SUPPLIED MATERIAL
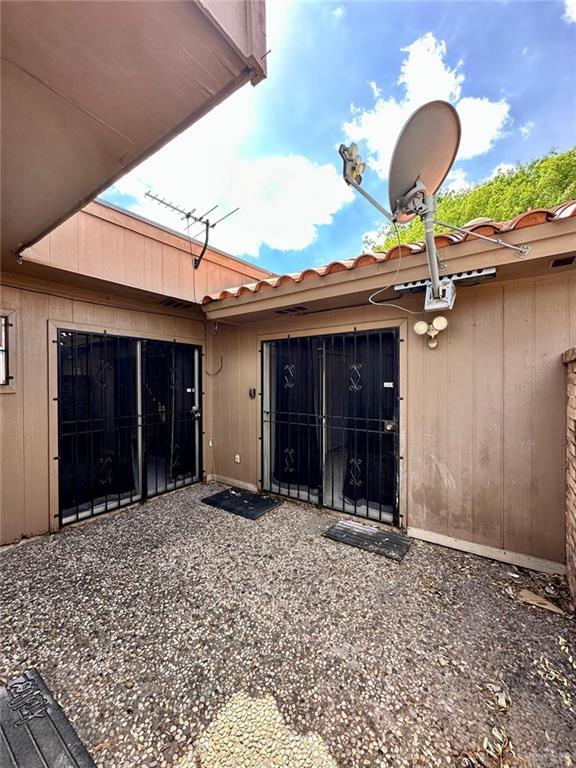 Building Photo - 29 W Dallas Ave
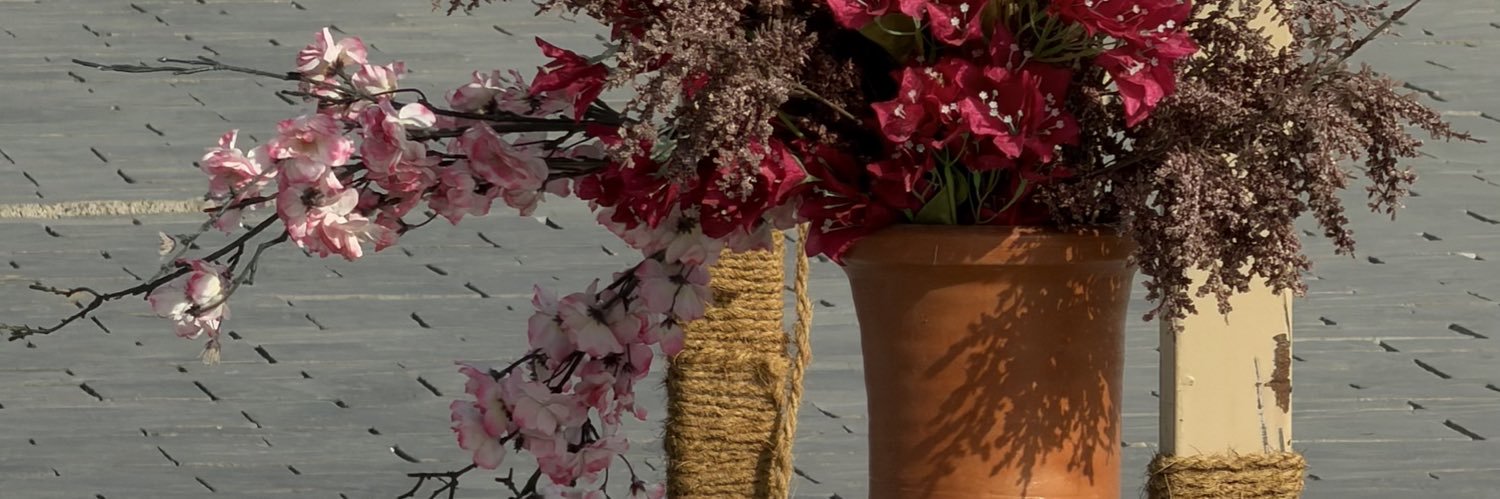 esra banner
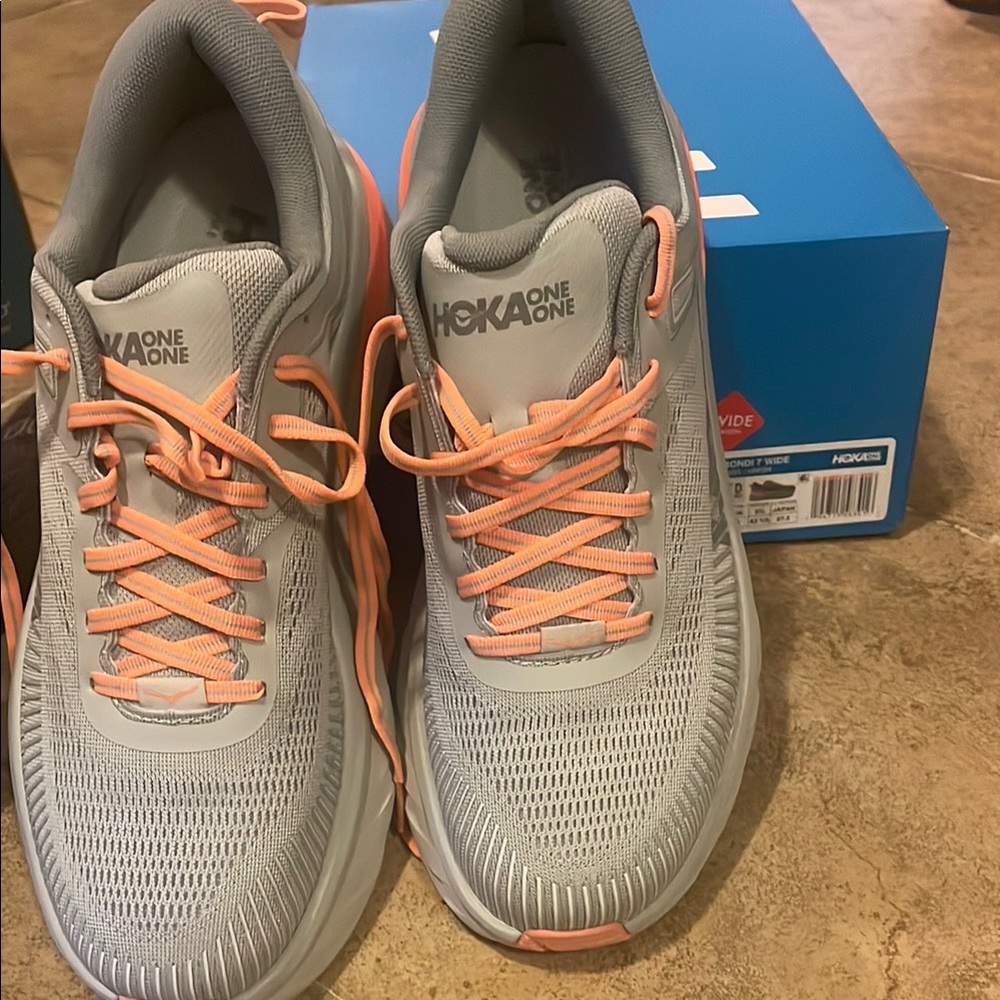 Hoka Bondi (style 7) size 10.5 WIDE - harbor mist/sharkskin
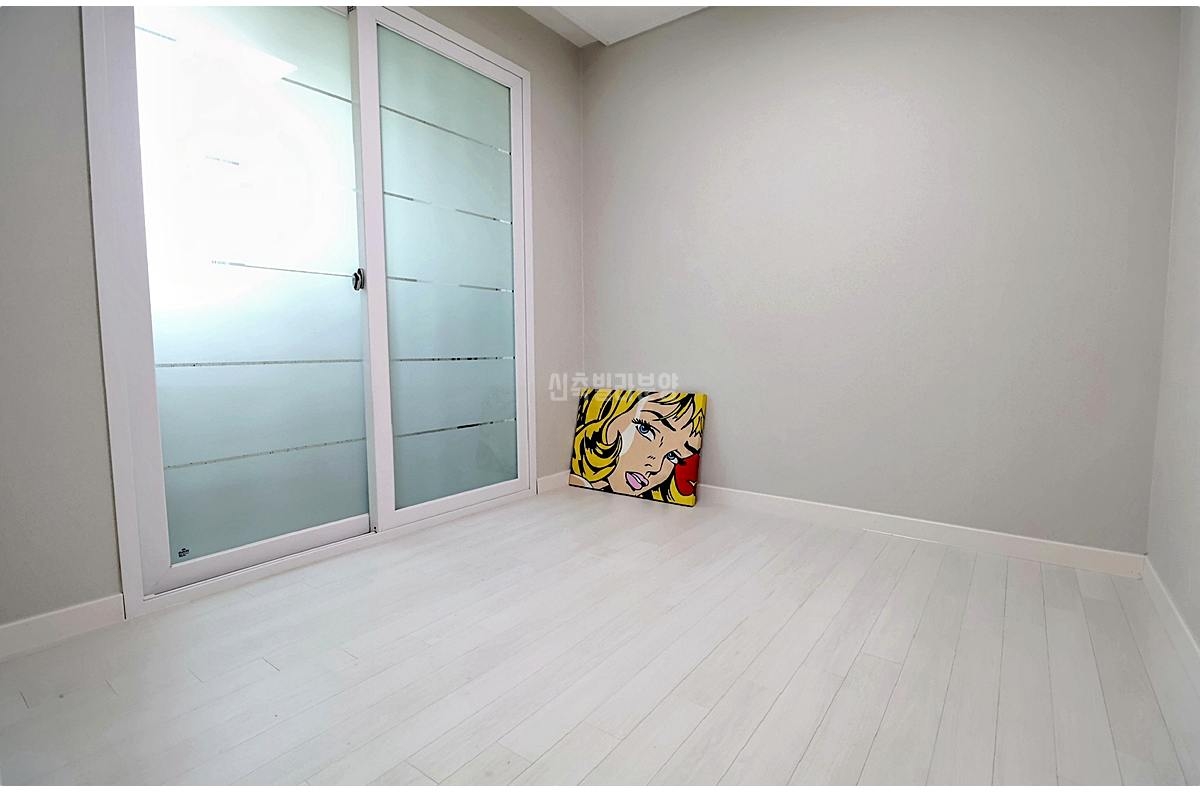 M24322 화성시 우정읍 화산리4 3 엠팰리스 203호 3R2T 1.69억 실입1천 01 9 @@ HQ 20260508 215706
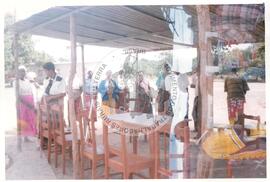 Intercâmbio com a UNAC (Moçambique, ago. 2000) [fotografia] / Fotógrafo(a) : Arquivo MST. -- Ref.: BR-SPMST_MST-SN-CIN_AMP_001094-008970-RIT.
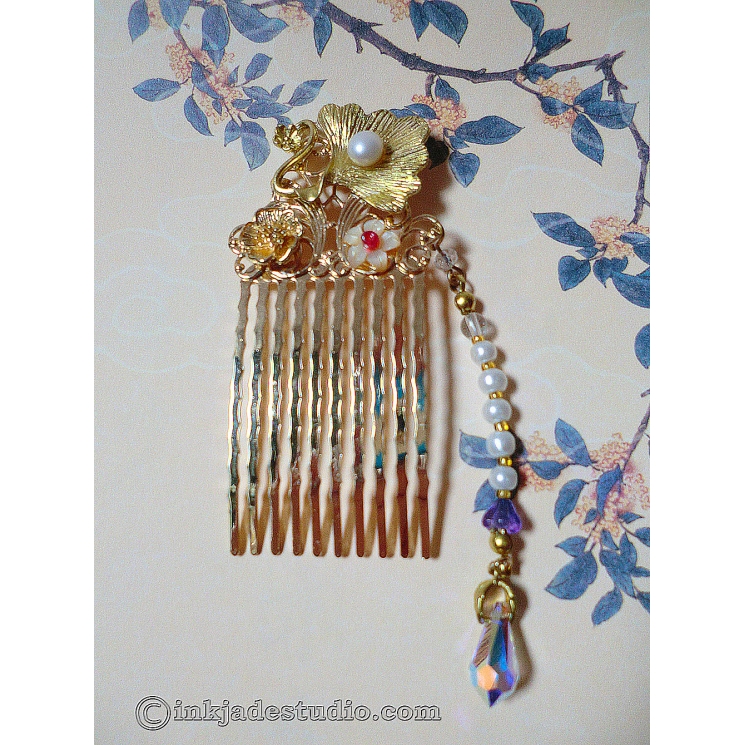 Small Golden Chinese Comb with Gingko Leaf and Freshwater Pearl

...

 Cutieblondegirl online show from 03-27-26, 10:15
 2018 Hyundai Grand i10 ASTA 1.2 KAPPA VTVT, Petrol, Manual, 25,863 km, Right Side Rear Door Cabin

* * *

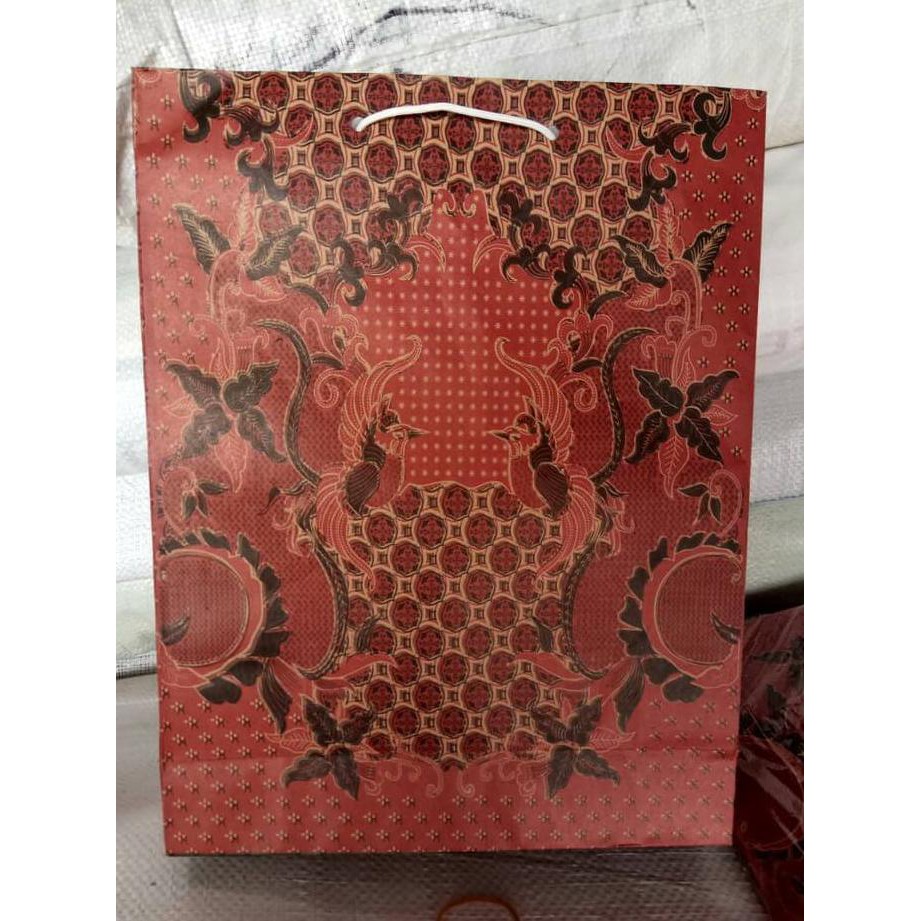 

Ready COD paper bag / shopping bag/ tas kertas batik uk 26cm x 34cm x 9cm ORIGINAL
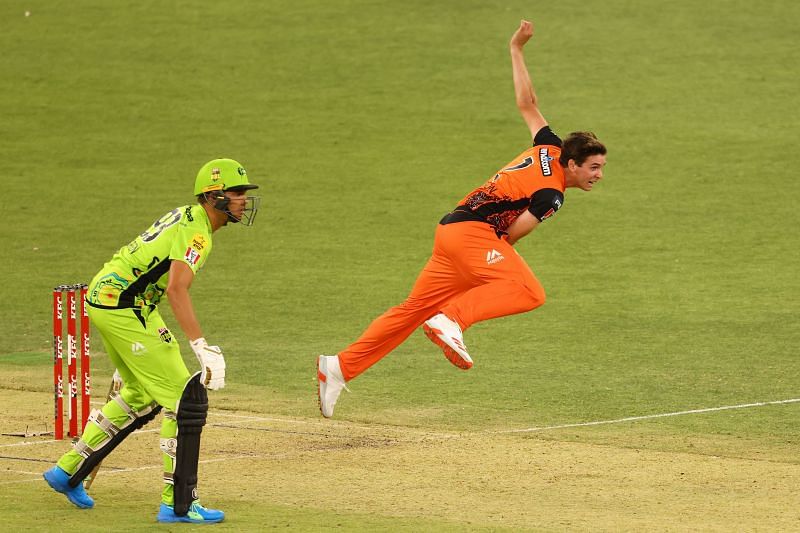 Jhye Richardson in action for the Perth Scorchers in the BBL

PROBLEM STATEMENT
Give back exactly the lines above that run from the one with "esra banner" to the one with "M24322 화성시 우정읍", including both, with the pictures left out.

TASK ANSWER
 esra banner
 Hoka Bondi (style 7) size 10.5 WIDE - harbor mist/sharkskin
 M24322 화성시 우정읍 화산리4 3 엠팰리스 203호 3R2T 1.69억 실입1천 01 9 @@ HQ 20260508 215706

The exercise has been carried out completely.